Contract Structuring and Negotiation Commoditized

Lawyers have been on the front lines of outsourcing since its early beginnings, establishing the ground rules that buyers and vendors follow (or not). But apparently much of the contract structuring and negotiating going on these days has been taken over by in-house procurement teams. “Sourcing is getting smarter and enterprises have become more comfortable with the process,” explained Harry Small partner at B&M.  Simply put, tasks that used to require entire teams of external council have now become standard.

In order to retain and shore up new clientele, the legal profession is advising on everything from multi-country deal structuring to data security

The lawyer’s traditional role in outsourcing was to negotiate monetary value for their clients – i.e. getting the most ‘bang’ for your ‘buck’ and to act as gatekeepers to limit liability and exposure to risk within the contract terms.  But as sourcing managers become more seasoned in their jobs, law firms are moving beyond this initial negotiation stage of the outsourcing lifecycle. In order to retain and shore up new clientele, the legal profession is advising on everything from multi-country deal structuring to data security – areas more typically expounded by the likes of Deloitte and A.T. Kearney.
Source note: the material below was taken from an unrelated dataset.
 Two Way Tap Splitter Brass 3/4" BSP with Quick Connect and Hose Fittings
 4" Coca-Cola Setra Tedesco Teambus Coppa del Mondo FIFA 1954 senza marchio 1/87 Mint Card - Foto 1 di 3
Law Firms Rebranding as Full-Service Consultants

Instead of hard-nosed negotiators, law firms like B&M are rebranding themselves as ‘relationship managers’ that can help “maximize the operational value of your outsourcing relationship.”  “Sourcing relationships are too long to create an adversarial relationship from day one – both parties have to make money,” stressed Ed Hanson one of B&M’s senior outsourcing practice partners.  “There has to be a business case behind your outsourcing objectives; I’ve killed outsourcing deals [during negotiation] because there was no clear business reason for going down the journey,” explained Small.

Lawyers are also contributing to the oft cliché outsourcing innovation discussion.  “Outsourcing arrangements need to focus on business outcomes instead of cost savings; take a partnership-based/collaborative approach instead of an adversarial approach; apply gain-share arrangements instead of SLAs.”  These are the same concepts that would typically come out of discussions with consultants and operational veterans with years of experience in change management and team building.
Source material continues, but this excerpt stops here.